● WHAT THE EXERCISE ASKS
Down to the last line, transcribe the records verbatim and exclude the images.
### DATASET EXTRACT
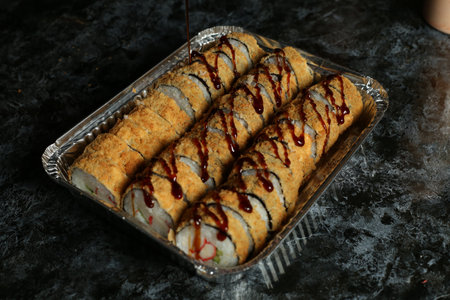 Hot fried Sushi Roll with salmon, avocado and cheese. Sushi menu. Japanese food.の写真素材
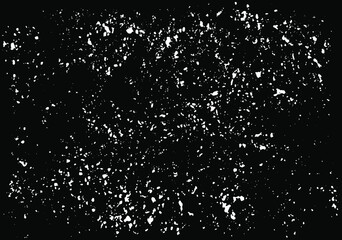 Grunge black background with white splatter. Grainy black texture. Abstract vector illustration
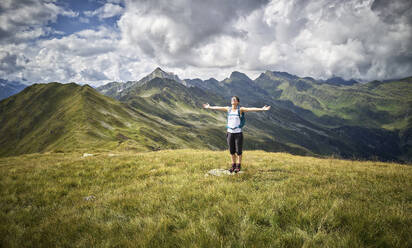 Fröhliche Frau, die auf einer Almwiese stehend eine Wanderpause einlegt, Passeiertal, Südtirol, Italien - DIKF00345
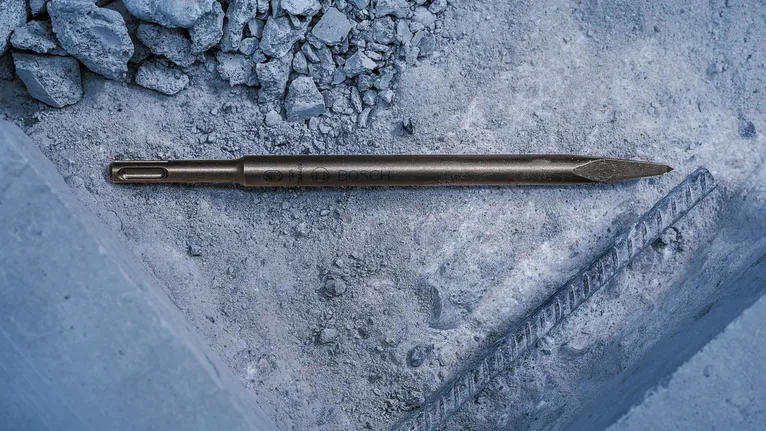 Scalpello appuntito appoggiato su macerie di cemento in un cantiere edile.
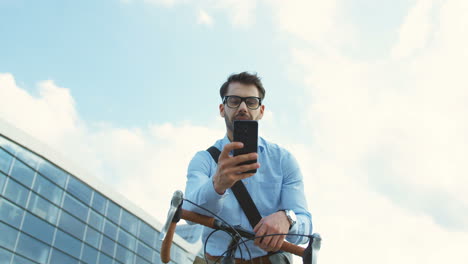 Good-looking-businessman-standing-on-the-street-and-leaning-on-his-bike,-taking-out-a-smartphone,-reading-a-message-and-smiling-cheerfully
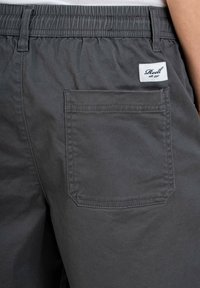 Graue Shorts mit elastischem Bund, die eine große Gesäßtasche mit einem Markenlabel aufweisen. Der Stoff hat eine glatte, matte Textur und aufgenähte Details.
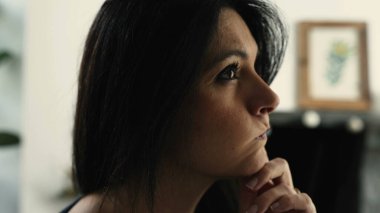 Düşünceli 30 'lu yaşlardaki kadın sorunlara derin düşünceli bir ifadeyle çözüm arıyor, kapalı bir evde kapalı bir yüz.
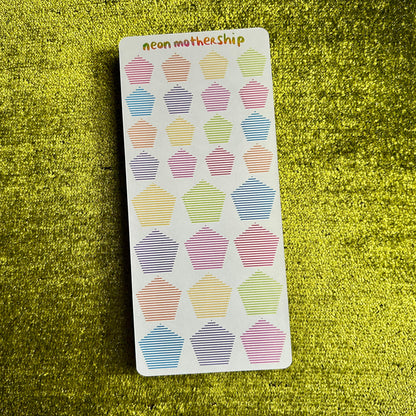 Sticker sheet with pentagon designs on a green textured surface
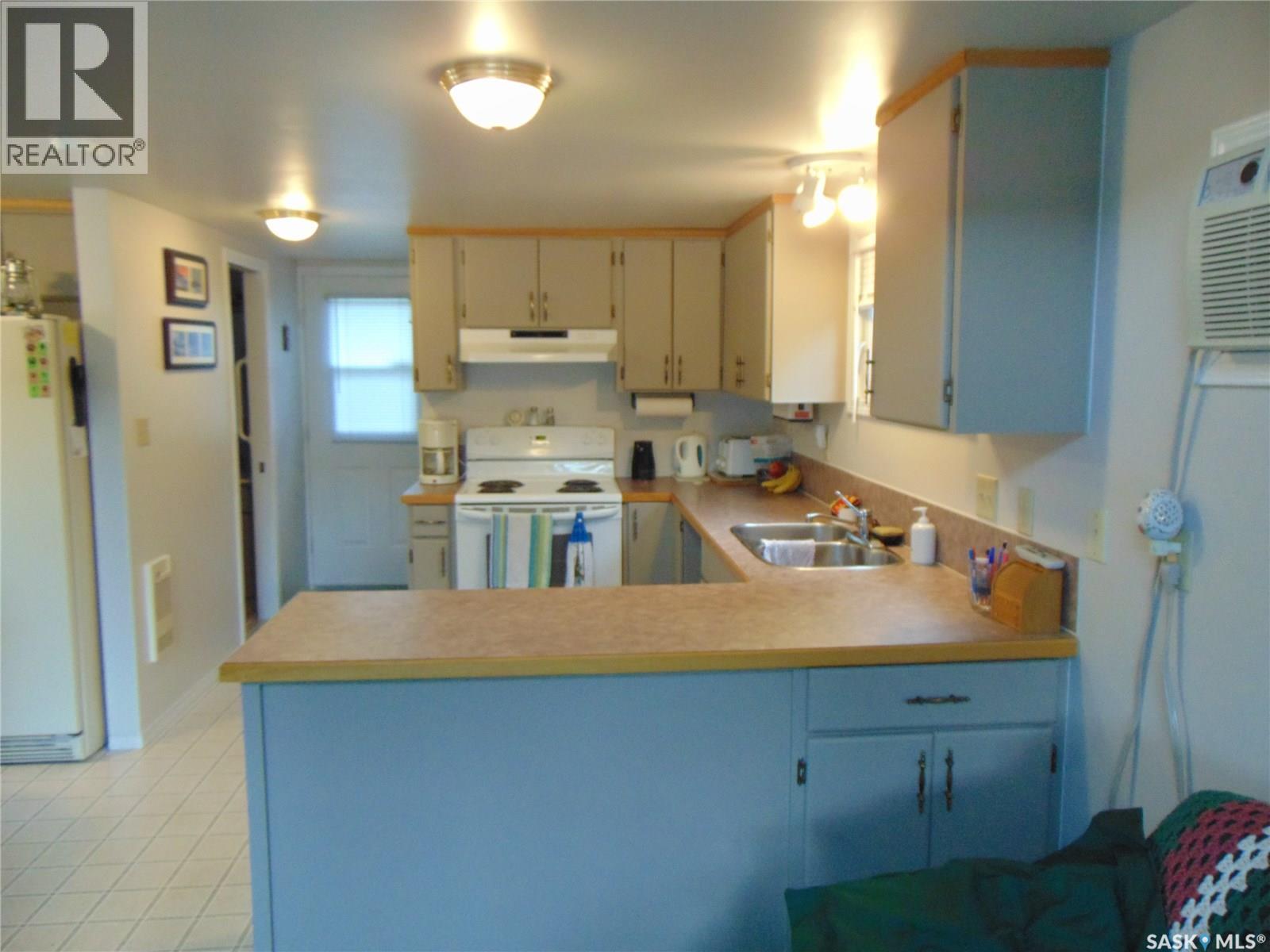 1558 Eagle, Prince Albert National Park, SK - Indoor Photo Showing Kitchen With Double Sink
######
● TASK SOLUTION
 Hot fried Sushi Roll with salmon, avocado and cheese. Sushi menu. Japanese food.の写真素材
 Grunge black background with white splatter. Grainy black texture. Abstract vector illustration
 Fröhliche Frau, die auf einer Almwiese stehend eine Wanderpause einlegt, Passeiertal, Südtirol, Italien - DIKF00345
 Scalpello appuntito appoggiato su macerie di cemento in un cantiere edile.
 Good-looking-businessman-standing-on-the-street-and-leaning-on-his-bike,-taking-out-a-smartphone,-reading-a-message-and-smiling-cheerfully
 Graue Shorts mit elastischem Bund, die eine große Gesäßtasche mit einem Markenlabel aufweisen. Der Stoff hat eine glatte, matte Textur und aufgenähte Details.
 Düşünceli 30 'lu yaşlardaki kadın sorunlara derin düşünceli bir ifadeyle çözüm arıyor, kapalı bir evde kapalı bir yüz.
 Sticker sheet with pentagon designs on a green textured surface
 1558 Eagle, Prince Albert National Park, SK - Indoor Photo Showing Kitchen With Double Sink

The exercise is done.